> _Records supplied_:
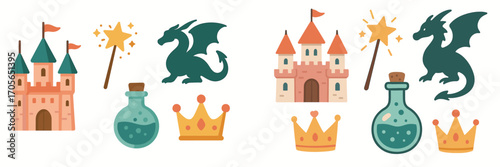 Enchanting fantasy fairy tale elements featuring majestic castles, mythical dragons, sparkling magic wands, mysterious potions, and royal crowns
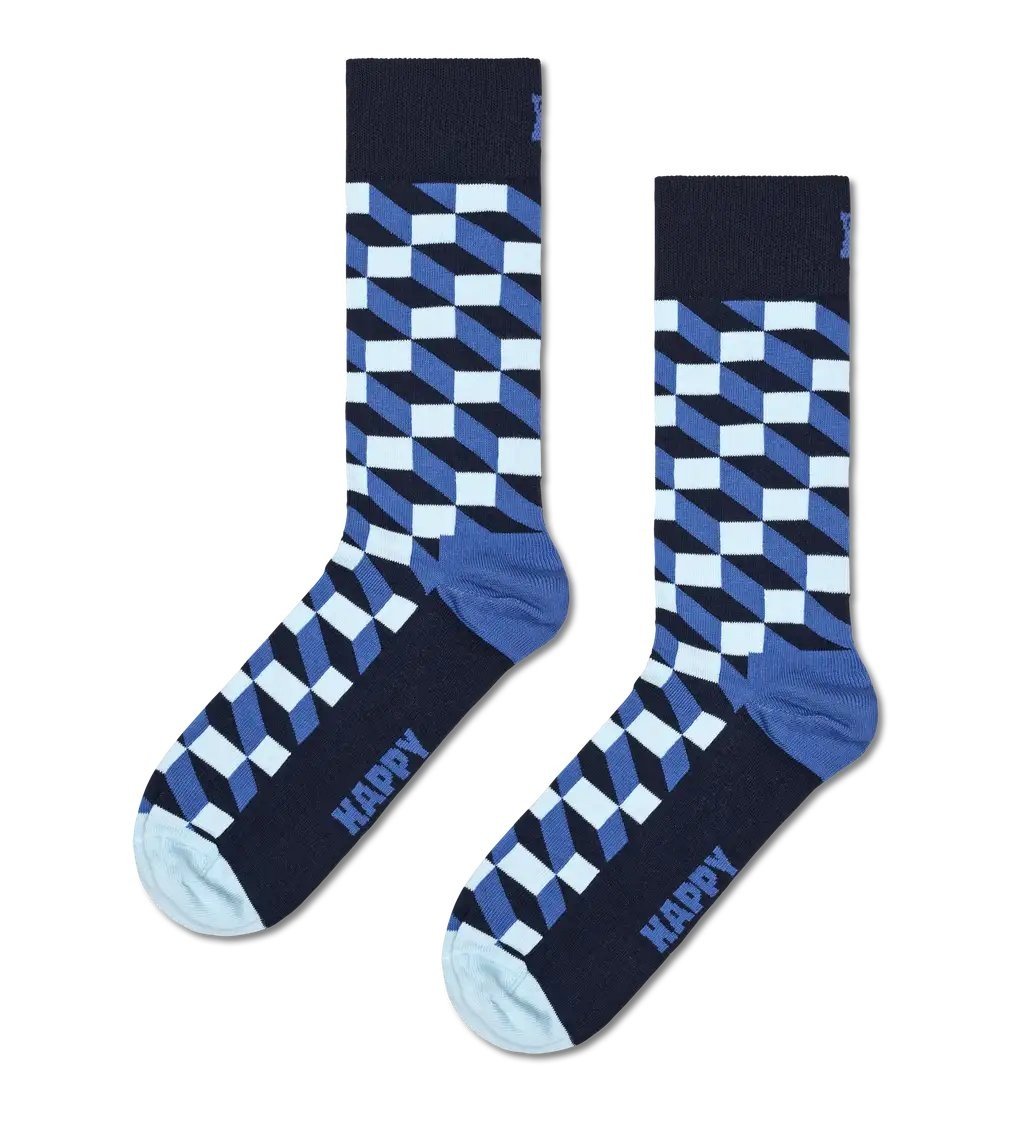 Filled Optic Sock Blue & Navy - Happy Socks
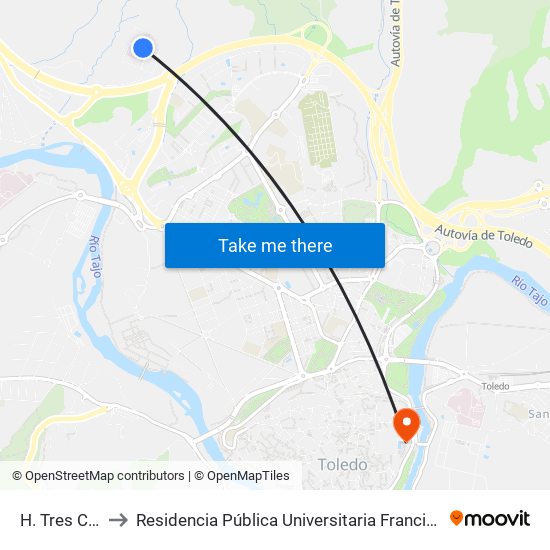 H. Tres Culturas to Residencia Pública Universitaria Francisco Tomas Y Valiente map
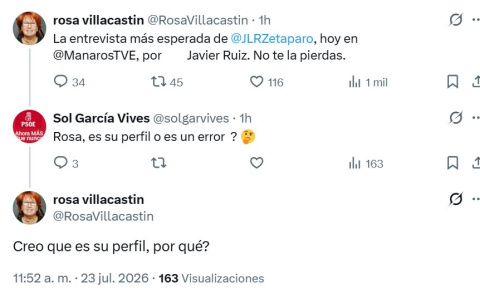 Mensajes de Rosa Villacastín confundiendo a Zapatero con Zetaparo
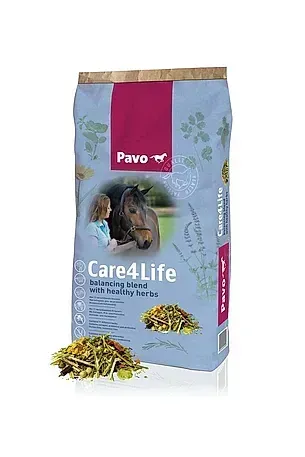 Bolsa de comida para mascotas Pavo Care4Life en color azul claro con imagen de caballo y granos.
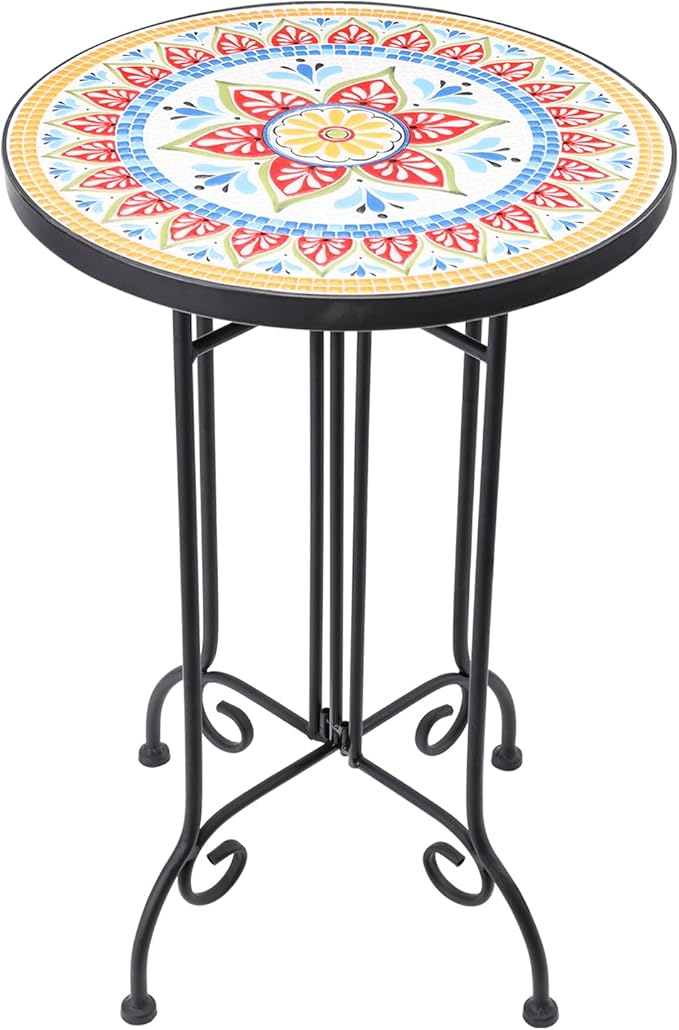 VCUTEKA Mosaic Outdoor Side Table, Round Rustproof Patio Tables with 14" Ceramic Tile Top, Indoor Porch Accent Table for Yard, Garden, Living Room, Bistro Balcony, Orange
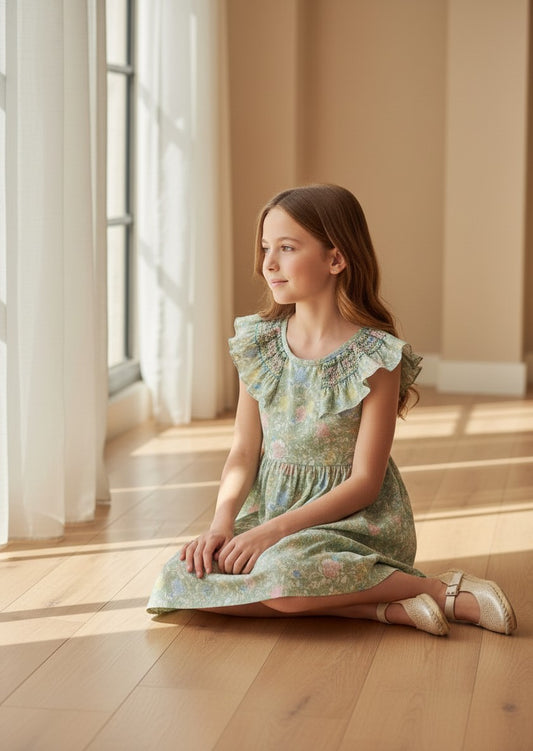 Vestido flores verdes y rosas con lazo rosa "Wabi-Sabi"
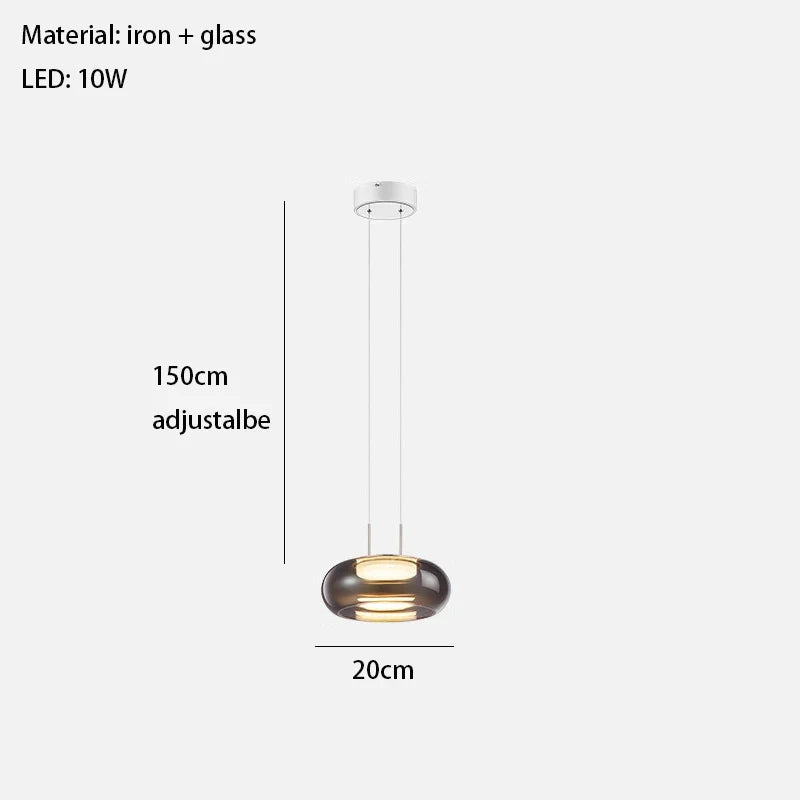 Suspension en verre fumé gris en forme de galet aplati — Bisquine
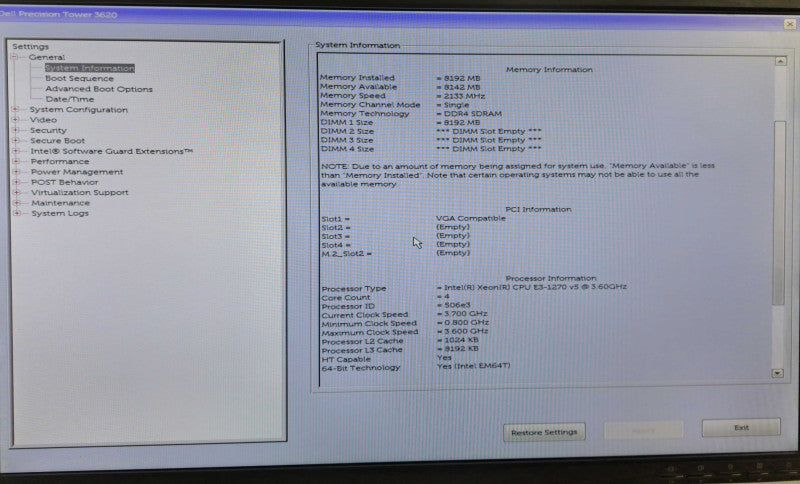 Dell Precision T3620 Xeon E3-1270 v5 @ 3.60GHz 8GB DDR4 No GPU/HDD *READ* )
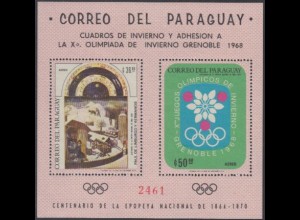 Paraguay Mi.Nr. Block 111 Olympia 1968 Grenoble, Gemälde Winderlandschaft 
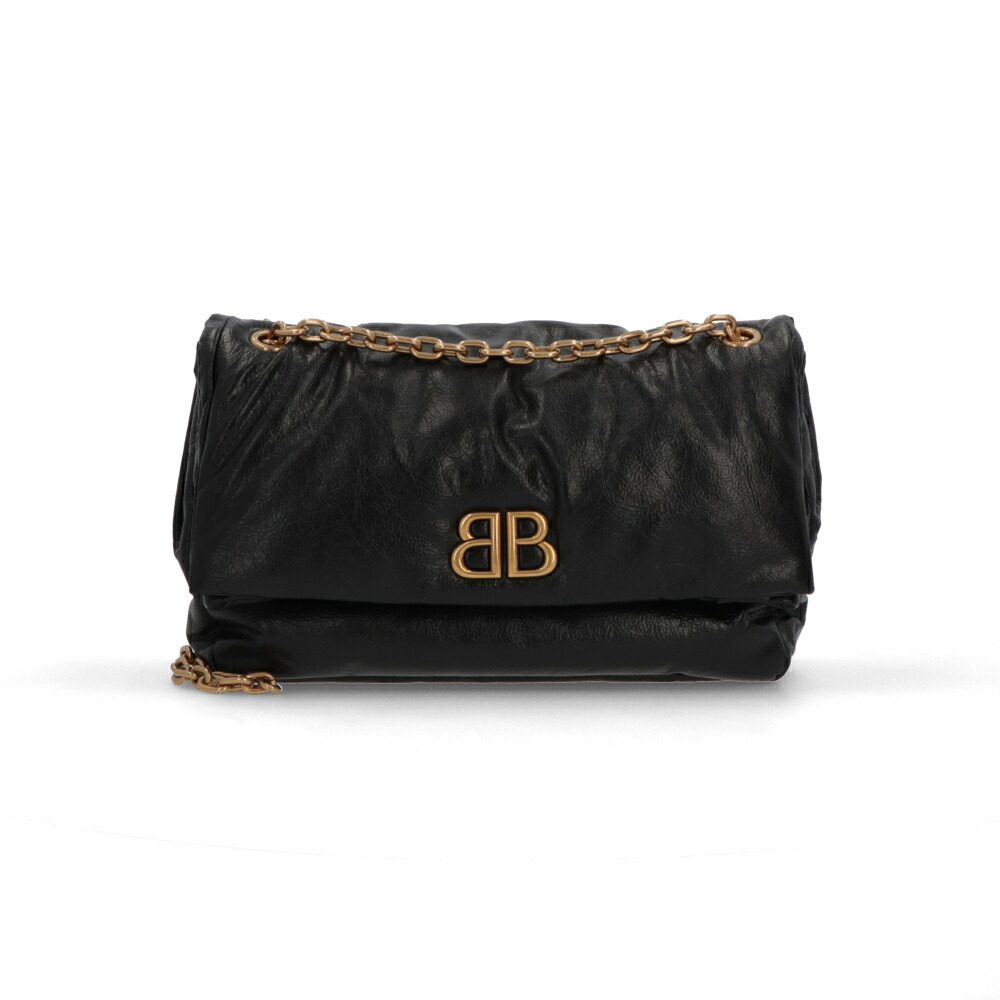 【新品】バレンシアガ BALENCIAGA バッグ ショルダーバッグ レディース MONACO M モナコ ブラック チェーンショルダー ロゴ 765945 2AAR8 1000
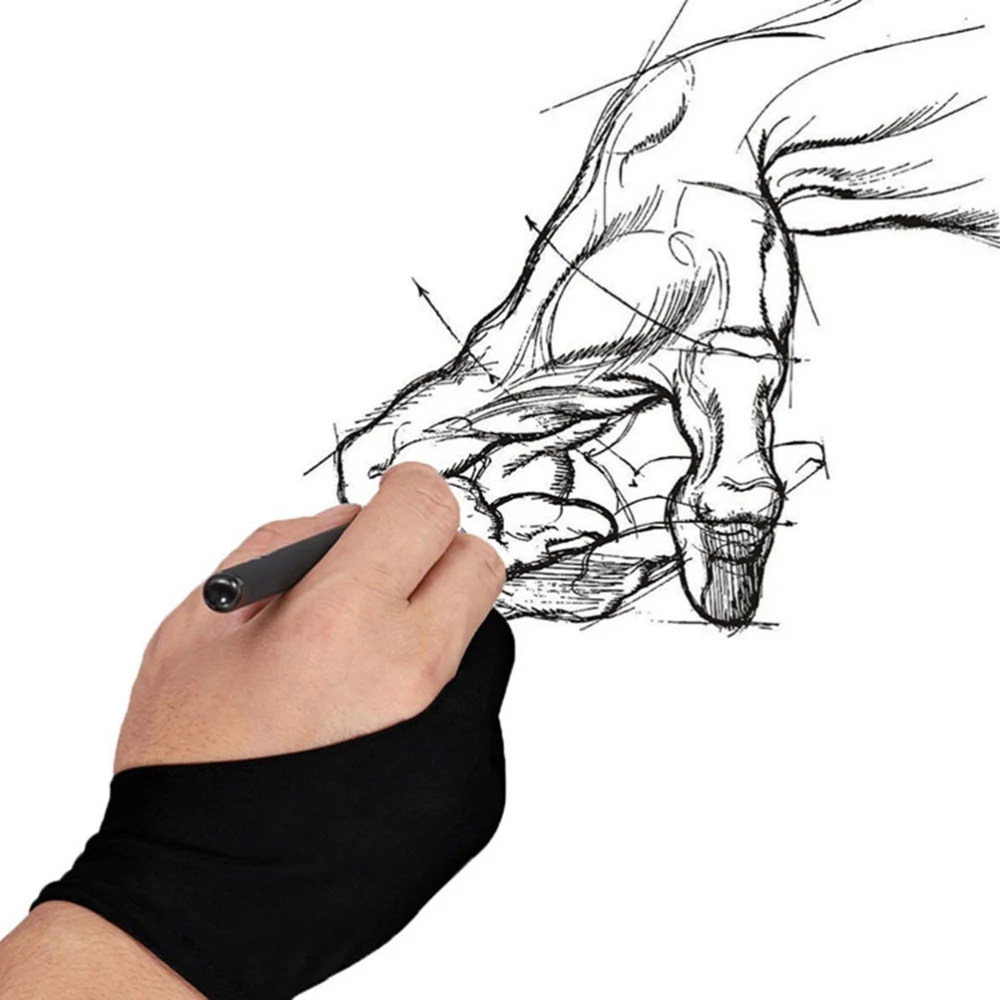 

2 pcs Drawing Glove Two Finger Art Oil Painting Prevent Dirty Sweatproof Glove for Artist Painter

> _Activity_: Please write out the lines above, beginning at the line with "VCUTEKA Mosaic Outdoor" and ending at the last line of the records, exactly as they appear and without pictures.

> _Task solution_:
 VCUTEKA Mosaic Outdoor Side Table, Round Rustproof Patio Tables with 14" Ceramic Tile Top, Indoor Porch Accent Table for Yard, Garden, Living Room, Bistro Balcony, Orange
 Vestido flores verdes y rosas con lazo rosa "Wabi-Sabi"
 Suspension en verre fumé gris en forme de galet aplati — Bisquine
 Dell Precision T3620 Xeon E3-1270 v5 @ 3.60GHz 8GB DDR4 No GPU/HDD *READ* )
 Paraguay Mi.Nr. Block 111 Olympia 1968 Grenoble, Gemälde Winderlandschaft 
 【新品】バレンシアガ BALENCIAGA バッグ ショルダーバッグ レディース MONACO M モナコ ブラック チェーンショルダー ロゴ 765945 2AAR8 1000

2 pcs Drawing Glove Two Finger Art Oil Painting Prevent Dirty Sweatproof Glove for Artist Painter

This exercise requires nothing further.